Wednesday, February 1, 2012

giants, patriots, and revenge

In 2007 the New England Patriots won 16 consecutive games in the regular season. They then won their first two games in the playoffs making the Patriots the only team ever to have a record of 18-0. The Patriots met the NY Giants in the superbowl and the Giants, to the surprise of almost everyone, defeated the Patriots in the championship game. The upset put the kibosh on what would have been a perfect season undermining all that the Patriots had accomplished during their previously remarkable year. It was a stunning loss.

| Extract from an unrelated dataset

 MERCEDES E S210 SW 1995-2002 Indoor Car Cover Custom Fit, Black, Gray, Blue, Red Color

Now four years later the Giants will play the Patriots again for the championship in the superbowl. A few nights ago some pundits were shmoozing on a local Boston tv broadcast and were discussing whether revenge would be a motivating factor in this game. The prevailing sentiment on the show and elsewhere has been that, no, revenge is not a factor because only a handful of Patriots in 2011 were on that team that lost the perfect season to the Giants in 2007.

The pundits don't get it.

Revenge will be a motivating factor in this game and it does not matter that there are only five or six players who will play on Sunday that were on the previous team.

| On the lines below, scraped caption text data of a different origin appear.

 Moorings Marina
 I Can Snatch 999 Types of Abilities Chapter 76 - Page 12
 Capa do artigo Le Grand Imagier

The entity that is called the Patriots is more than the members of the current team. And this is the case for the Giants and every other team in every professional sport. A team carries with it, its history.

In organizational communication studies people examine what is called organizational identification. This refers to the extent to which members of an organization identify with the culture of that organization. A person joins and becomes socialized into the organization. At some point an employee, group or team member ceases to refer to the organization as "they" but starts to say "we". "This is the Patriot way. We do things this way here." Of course, people can reject the cultural values of an organization and then continue to talk with disdain about a group as they.

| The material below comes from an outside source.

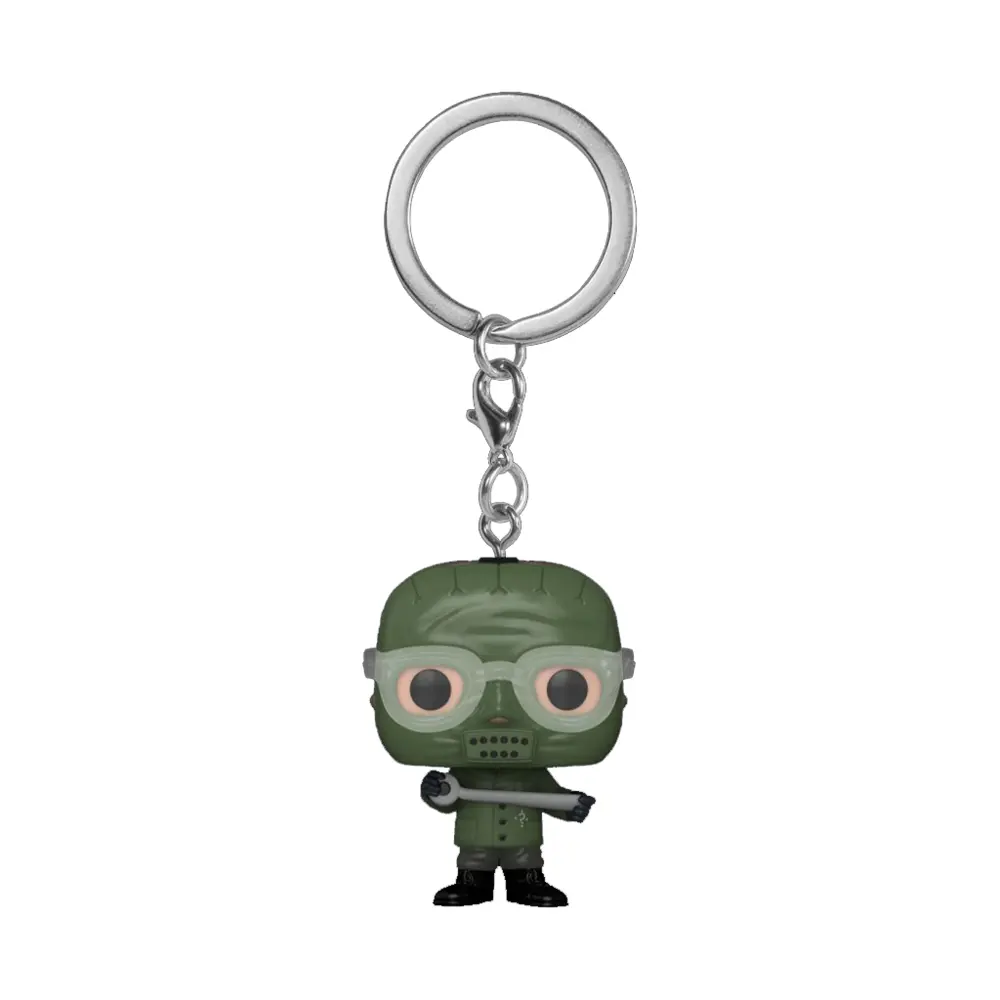 Funko Pocket POP kulcstartó Movie The Batman The Riddler termékfotó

However, winners on football teams, (and successful companies) tend to have group members who have assimilated and enjoy identifying with pride. A new player on a team, once assimilated, assumes the passion of the team's fans, the cultural values of the squad, and the team's history.

Rest assured that when say, Danny Woodhead, a running back on the Patriots watches how Eli Manning in 2007 drove the Giants down the field for the winning touchdown, he feels that Manning scored on "us" even though Woodhead was still in college when that game was played. It might not be voiced by the Patriot players, but they want to win in part to rectify what occurred in 2007 in the same way that Patriot fanatics will want revenge when the game begins.

My father writes a bit about what he calls the collective subconscious that groups have and, of course, the members of that group have. Why do young Hatfields hate the McCoys when nobody recalls the reason for the original dispute? They do so because they have, certainly for worse not for better, become a Hatfield and, well, Hatfields hate the McCoys.

Sport rivalries are not analogous, of course, to ethnic or international conflicts.

Yet the point here is that people do not divorce themselves from the groups to which they feel, or may in fact be, naturally tied to.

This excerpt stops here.